INFORMATION SUPPLIED below:

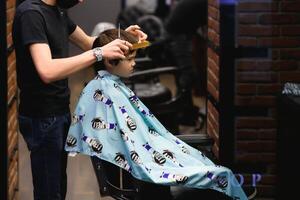 côté vue de mignonne peu garçon avoir la Coupe de cheveux par coiffeur à le salon de coiffure. photo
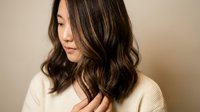 Young Asian woman with highlighted wavy hair touching her locks in cream sweater against neutral background for hair care and beauty concepts.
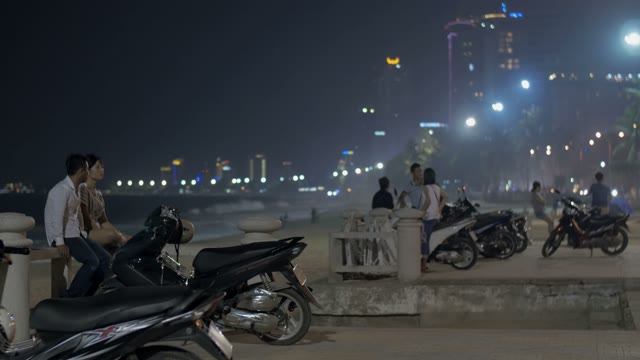 People Sit Near Mopeds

End of INFORMATION SUPPLIED.

**WHAT TO PRODUCE**:
From the line that holds "Young Asian woman" to the last line of the data, return those lines exactly and nothing else; both ends count, and pictures stay out.

**EXERCISE OUTPUT**:
 Young Asian woman with highlighted wavy hair touching her locks in cream sweater against neutral background for hair care and beauty concepts.
 People Sit Near Mopeds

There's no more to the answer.